**Source data**
▼▼▼
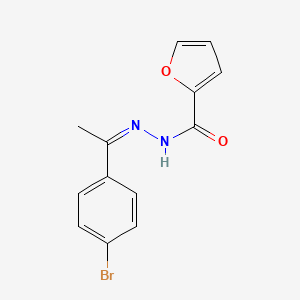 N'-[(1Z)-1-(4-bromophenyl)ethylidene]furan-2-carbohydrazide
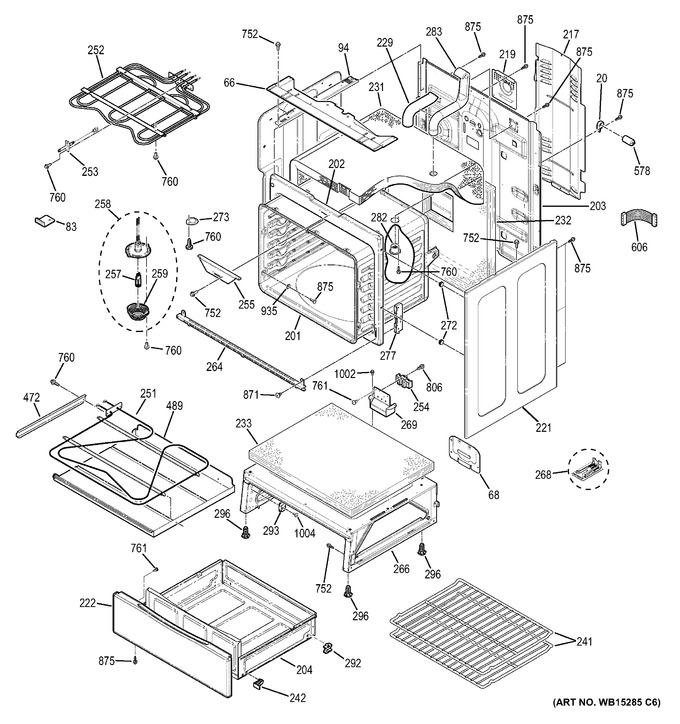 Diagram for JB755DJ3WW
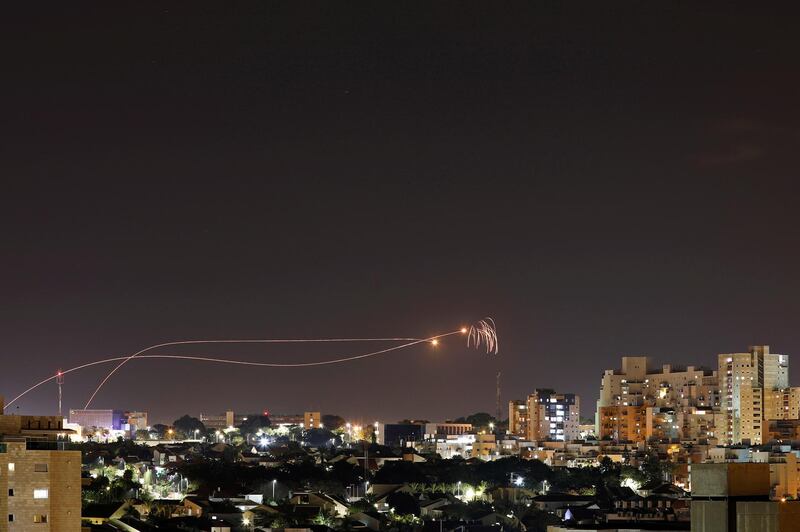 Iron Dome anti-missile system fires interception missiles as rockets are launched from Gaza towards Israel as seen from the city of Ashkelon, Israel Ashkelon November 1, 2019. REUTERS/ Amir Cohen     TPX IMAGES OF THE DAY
▲▲▲
**Aim of the task**
Set down the material above exactly as it reads, but not its pictures.

**Exercise result**
 N'-[(1Z)-1-(4-bromophenyl)ethylidene]furan-2-carbohydrazide
 Diagram for JB755DJ3WW
 Iron Dome anti-missile system fires interception missiles as rockets are launched from Gaza towards Israel as seen from the city of Ashkelon, Israel Ashkelon November 1, 2019. REUTERS/ Amir Cohen     TPX IMAGES OF THE DAY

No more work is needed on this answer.